The nice folks at Foundry have just released a new Rwandan offering.

Just ordered a bag and looking forward to something a bit different.

Website tasting notes:

You're going to love this one. It's an enthralling bean and will really appeal to the experimenters out there. The bean is super-complex and yet all the elements hang together so well, resulting in a richly indulgent coffee suited to either espresso or to filter brewing methods.

Dark, full-bodied fruits sit alongside a hint of grapefruit on a thick dark chocolate background.

In espresso, it's exciting. Really sweet and intense flavours are easy to come by at a range of extractions which will reward those that like to play around with their volumes. In filter, everything becomes calmer and more harmonised, with well-defined and superbly balanced flavours achievable with ease.

I am not associated with Foundry in any way, just thought people might be interested


----------



## Mrboots2u (May 10, 2013)

Hi I've been fortunate to have a couple of bags of this , it lovely ..

Its got complexity and fruit but dont confuse this as a " bright coffee " and put you off it ...

Espresso I've had dark chocolate orange with finish of grapefruit , nice creamy body too , but if you play with brew ratios you can get a range of flavours out ( all yummy ) .

In milk its sweet and goes more treacle toffee like..

In brewed sweet citrus fruits sweet balanced lovely body and mouthfeel

Its super soluble . what do i mean by this ? You wont need a mega fine grind o get the best from it . Changing the time of your ratio will bring out a range of the citrus , sweet, treacle and chocolate .....

I know Callum and Lee from here , but if something is cack i wont recommend it , this is not cack ...

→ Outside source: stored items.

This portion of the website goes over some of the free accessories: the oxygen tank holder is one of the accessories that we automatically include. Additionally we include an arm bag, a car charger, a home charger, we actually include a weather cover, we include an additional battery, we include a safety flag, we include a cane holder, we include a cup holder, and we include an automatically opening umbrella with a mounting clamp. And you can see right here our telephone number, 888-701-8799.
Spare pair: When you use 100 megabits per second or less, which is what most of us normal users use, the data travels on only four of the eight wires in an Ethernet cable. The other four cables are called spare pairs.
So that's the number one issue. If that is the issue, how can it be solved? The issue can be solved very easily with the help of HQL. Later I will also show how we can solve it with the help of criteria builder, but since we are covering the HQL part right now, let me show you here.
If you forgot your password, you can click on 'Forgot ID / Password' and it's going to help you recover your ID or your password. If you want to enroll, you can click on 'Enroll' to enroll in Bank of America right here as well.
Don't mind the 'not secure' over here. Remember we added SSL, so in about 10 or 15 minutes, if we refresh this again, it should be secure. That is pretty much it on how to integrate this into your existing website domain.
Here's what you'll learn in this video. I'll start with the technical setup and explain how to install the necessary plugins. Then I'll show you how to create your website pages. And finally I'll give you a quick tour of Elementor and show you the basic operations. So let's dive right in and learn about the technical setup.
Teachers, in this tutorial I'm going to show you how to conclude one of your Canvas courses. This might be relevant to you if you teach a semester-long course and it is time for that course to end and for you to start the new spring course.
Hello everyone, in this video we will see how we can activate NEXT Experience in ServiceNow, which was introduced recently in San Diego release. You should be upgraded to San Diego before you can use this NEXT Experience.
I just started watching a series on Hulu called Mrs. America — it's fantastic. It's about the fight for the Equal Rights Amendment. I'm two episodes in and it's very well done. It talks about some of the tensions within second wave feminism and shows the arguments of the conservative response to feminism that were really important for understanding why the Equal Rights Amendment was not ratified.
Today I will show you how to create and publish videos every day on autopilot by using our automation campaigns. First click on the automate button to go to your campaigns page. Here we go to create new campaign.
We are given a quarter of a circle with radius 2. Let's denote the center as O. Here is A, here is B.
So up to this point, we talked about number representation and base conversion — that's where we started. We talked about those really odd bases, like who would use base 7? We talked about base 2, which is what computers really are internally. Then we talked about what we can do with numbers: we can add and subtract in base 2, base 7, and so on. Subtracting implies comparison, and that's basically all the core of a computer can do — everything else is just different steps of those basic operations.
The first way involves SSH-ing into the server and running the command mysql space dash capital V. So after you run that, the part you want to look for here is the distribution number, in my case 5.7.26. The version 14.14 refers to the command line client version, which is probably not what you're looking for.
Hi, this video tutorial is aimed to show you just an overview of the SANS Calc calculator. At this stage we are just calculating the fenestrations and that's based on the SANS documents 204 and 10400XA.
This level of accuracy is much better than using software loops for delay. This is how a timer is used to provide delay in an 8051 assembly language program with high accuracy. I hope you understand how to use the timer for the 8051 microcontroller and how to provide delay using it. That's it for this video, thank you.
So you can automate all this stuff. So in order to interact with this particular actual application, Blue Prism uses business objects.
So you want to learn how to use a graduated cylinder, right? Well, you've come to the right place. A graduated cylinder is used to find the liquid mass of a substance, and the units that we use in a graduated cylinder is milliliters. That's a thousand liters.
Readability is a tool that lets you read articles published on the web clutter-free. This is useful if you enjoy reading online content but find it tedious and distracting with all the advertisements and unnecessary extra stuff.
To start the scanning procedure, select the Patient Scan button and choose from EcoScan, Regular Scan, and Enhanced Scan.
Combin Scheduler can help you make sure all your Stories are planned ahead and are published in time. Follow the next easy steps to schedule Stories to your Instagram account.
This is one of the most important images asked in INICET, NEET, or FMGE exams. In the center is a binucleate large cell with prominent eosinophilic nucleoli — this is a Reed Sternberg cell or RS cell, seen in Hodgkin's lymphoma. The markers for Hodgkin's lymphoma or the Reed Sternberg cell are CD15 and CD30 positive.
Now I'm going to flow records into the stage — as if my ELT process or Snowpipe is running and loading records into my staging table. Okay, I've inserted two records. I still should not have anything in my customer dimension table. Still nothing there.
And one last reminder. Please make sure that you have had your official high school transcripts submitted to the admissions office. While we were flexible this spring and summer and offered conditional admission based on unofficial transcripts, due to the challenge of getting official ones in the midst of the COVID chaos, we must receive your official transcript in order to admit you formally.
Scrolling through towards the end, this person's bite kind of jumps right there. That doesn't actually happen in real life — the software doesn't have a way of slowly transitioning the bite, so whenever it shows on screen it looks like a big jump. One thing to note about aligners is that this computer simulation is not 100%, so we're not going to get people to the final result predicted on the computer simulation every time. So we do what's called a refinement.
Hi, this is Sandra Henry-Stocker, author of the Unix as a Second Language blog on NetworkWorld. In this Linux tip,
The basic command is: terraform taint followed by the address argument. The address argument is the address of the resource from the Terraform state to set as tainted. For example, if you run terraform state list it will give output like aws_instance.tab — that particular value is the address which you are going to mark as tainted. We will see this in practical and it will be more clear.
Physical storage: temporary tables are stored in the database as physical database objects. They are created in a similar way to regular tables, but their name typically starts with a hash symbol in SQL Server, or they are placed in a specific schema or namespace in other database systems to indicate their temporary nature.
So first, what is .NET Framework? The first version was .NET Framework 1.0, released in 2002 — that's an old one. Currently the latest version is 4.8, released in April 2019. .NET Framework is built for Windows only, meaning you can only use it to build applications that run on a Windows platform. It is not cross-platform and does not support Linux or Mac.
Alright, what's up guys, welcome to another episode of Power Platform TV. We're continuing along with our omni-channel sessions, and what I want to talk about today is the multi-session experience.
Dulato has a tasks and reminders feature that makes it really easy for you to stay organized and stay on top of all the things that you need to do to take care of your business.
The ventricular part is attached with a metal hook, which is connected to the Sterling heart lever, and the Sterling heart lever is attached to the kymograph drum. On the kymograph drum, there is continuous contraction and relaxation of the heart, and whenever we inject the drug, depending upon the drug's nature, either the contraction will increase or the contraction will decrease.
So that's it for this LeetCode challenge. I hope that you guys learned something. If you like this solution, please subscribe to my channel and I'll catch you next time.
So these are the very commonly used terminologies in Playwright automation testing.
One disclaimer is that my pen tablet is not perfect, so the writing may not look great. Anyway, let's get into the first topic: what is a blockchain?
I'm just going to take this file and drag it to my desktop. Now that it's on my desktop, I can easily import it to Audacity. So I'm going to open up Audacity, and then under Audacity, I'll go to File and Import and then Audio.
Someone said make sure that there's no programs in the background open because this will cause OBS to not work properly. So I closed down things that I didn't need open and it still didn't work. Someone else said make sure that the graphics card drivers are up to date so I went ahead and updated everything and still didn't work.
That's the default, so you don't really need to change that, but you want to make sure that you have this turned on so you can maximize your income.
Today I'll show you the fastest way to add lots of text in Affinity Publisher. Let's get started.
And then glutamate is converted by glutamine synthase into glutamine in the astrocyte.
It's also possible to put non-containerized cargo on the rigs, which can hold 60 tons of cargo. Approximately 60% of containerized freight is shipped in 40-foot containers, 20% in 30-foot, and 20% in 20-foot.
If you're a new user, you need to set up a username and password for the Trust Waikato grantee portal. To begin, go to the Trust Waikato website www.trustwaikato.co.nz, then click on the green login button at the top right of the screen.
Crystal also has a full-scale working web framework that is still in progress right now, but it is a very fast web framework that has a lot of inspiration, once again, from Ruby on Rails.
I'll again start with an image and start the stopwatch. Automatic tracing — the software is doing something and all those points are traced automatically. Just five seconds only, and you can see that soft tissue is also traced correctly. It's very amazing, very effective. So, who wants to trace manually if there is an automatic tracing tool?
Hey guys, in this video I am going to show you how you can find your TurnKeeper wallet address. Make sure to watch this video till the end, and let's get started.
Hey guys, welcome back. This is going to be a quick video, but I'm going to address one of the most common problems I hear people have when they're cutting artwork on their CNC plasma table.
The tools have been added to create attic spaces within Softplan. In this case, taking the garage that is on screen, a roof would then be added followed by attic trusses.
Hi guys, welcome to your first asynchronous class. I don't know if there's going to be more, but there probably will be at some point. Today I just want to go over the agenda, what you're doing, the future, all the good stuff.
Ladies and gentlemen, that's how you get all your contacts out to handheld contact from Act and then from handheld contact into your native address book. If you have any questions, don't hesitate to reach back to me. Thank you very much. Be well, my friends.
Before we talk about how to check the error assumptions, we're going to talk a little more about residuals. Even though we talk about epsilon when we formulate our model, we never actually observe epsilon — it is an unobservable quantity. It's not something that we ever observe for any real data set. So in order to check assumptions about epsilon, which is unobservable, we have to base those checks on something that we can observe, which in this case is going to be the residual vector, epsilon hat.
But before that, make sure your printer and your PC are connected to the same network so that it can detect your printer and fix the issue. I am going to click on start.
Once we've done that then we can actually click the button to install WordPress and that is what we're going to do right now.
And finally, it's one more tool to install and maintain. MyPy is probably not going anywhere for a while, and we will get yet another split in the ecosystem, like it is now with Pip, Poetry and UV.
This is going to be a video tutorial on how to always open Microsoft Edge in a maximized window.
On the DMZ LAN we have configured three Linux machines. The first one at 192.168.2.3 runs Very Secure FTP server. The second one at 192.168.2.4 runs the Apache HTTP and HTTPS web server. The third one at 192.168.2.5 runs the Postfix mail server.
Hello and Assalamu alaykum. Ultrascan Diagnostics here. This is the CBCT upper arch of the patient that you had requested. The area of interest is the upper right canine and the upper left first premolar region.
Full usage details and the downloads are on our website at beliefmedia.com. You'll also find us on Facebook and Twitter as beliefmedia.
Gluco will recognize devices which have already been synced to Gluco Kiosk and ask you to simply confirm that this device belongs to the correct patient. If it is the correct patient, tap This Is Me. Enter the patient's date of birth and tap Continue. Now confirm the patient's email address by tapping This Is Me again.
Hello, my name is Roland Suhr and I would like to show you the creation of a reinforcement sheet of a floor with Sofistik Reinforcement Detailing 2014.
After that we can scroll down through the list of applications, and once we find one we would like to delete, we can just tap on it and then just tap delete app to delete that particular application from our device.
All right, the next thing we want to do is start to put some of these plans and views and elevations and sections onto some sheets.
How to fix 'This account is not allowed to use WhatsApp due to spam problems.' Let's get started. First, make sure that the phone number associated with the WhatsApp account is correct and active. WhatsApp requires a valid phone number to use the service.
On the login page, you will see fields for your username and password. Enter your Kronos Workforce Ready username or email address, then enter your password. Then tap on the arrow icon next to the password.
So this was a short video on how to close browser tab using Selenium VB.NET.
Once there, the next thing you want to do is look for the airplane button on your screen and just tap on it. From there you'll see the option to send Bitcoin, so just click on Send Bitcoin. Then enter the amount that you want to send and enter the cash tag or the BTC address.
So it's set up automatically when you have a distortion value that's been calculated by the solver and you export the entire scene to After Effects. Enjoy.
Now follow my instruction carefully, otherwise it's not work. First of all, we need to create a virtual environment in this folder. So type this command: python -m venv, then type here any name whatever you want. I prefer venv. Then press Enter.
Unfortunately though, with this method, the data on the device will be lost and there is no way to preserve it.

This is a another winner from the heart of Sheffield


----------



## NickdeBug (Jan 18, 2015)

REALLY looking forward to it now!

I think that I might have even drooled a bit whilst reading that last post


----------



## paul whu (Sep 25, 2014)

I just grabbed a Kilo of these on the strength of this thread. Quite looking forward to them I must say.


----------



## NickdeBug (Jan 18, 2015)

Waiting for mine to arrive.

I had hoped that they would turn up today as I'm off to France tomorrow for a few days.

Oh well, something to look forward to for next weekend.


----------



## paul whu (Sep 25, 2014)

I'd have to say that these beans are delicious. For me a 2:1 ratio espresso works best of all. On saying that ristrettos are a delight as well. A forgiving kinda bean!


----------



## DoubleShot (Apr 23, 2014)

NickdeBug

Your thoughts on Karengera Washing Station beans?

paul whu

Not sure I've ever seen a 2:1 ratio before. Extraction weighing half of dosage going in or did you mean 1:2 (double output of dosage)?


----------



## paul whu (Sep 25, 2014)

DoubleShot said:


> NickdeBug
> 
> Your thoughts on Karengera Washing Station beans?
> 
> ...


Smart arse


----------



## paul whu (Sep 25, 2014)

Clarify. 18 g in > 36 out. therefore 1:2!!


----------



## DoubleShot (Apr 23, 2014)

No, I genuinely wasn't sure if what you typed was your preferred recipe for these beans.


----------



## paul whu (Sep 25, 2014)

My mistake. Pardon me!


----------



## paul whu (Sep 25, 2014)

Ha ha. Sorry, just a typo!!


----------